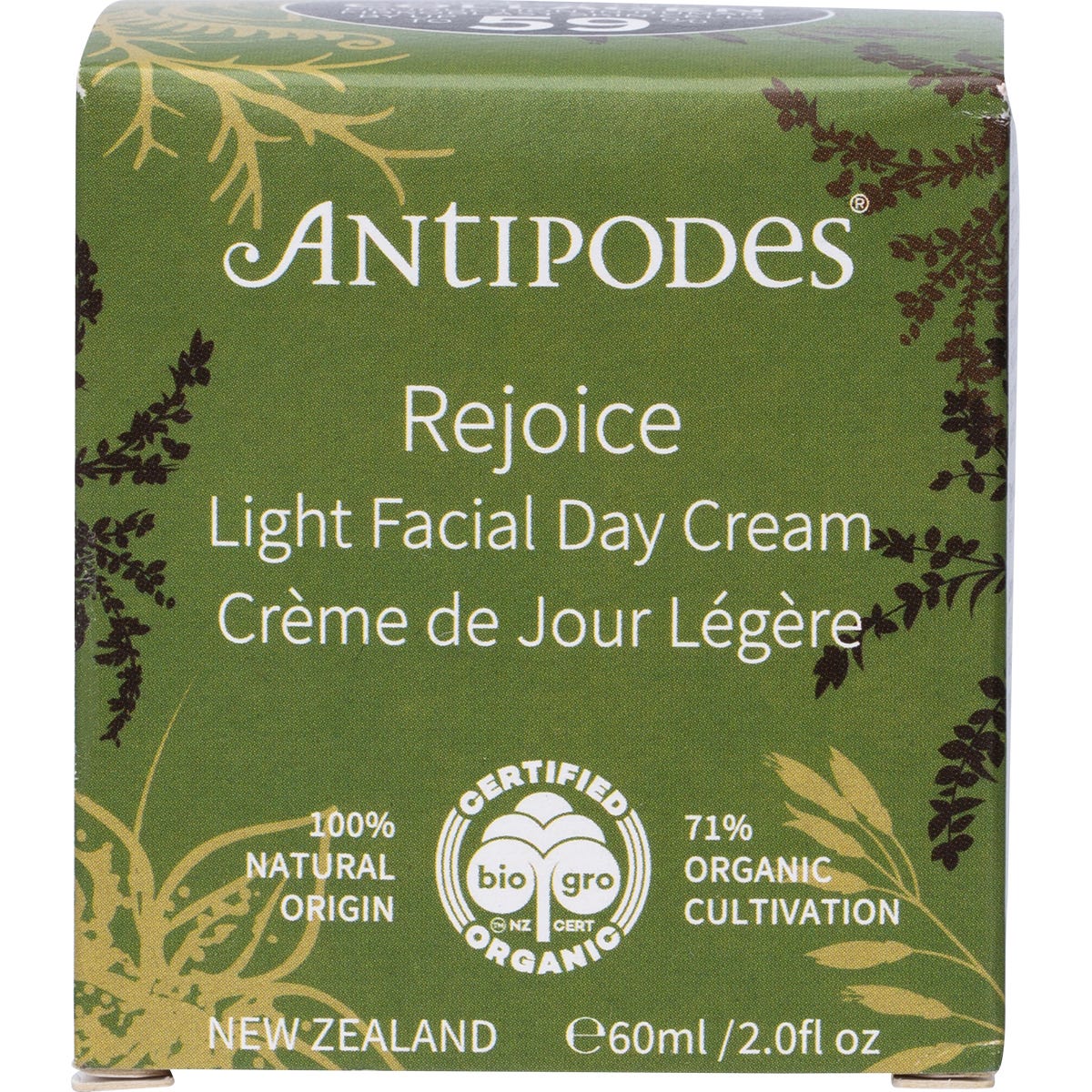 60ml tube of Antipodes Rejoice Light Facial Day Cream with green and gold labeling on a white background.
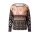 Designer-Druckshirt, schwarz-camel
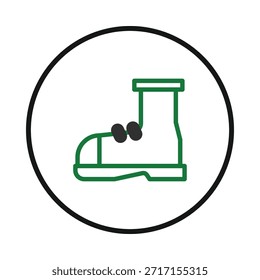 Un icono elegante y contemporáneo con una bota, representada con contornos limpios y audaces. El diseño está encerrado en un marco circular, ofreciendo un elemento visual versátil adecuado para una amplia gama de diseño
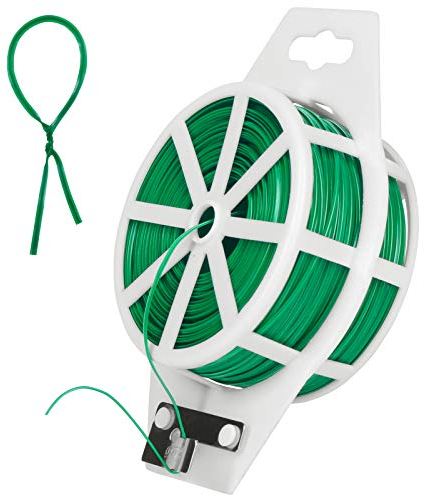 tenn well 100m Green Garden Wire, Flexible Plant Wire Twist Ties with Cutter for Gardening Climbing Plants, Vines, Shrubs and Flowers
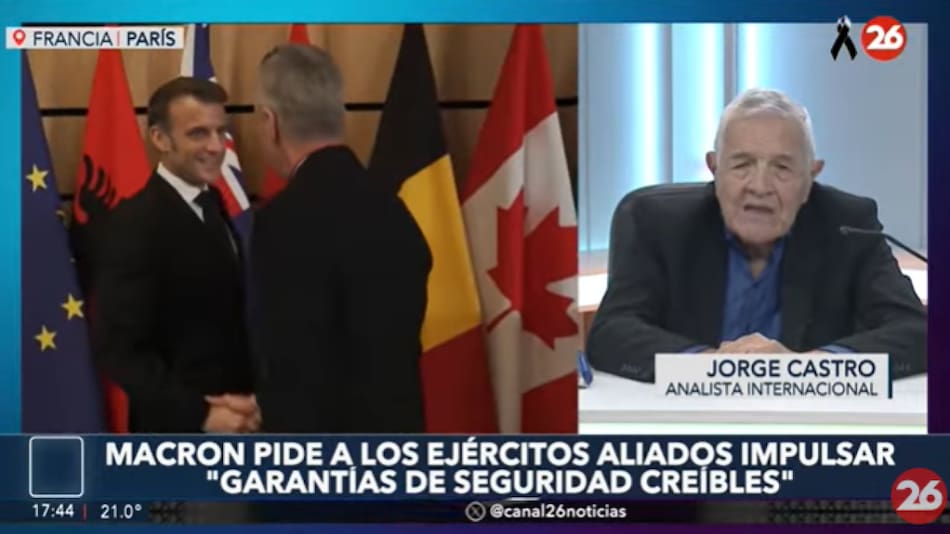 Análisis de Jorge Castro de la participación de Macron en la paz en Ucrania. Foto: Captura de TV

◆ Activity ◆
Restate exactly, please, only the lines between the start of the data and the line containing "tenn well 100m", both ends included, skipping the pictures.

◆ Task answer ◆
 60ml tube of Antipodes Rejoice Light Facial Day Cream with green and gold labeling on a white background.
 Designer-Druckshirt, schwarz-camel
 Un icono elegante y contemporáneo con una bota, representada con contornos limpios y audaces. El diseño está encerrado en un marco circular, ofreciendo un elemento visual versátil adecuado para una amplia gama de diseño
 tenn well 100m Green Garden Wire, Flexible Plant Wire Twist Ties with Cutter for Gardening Climbing Plants, Vines, Shrubs and Flowers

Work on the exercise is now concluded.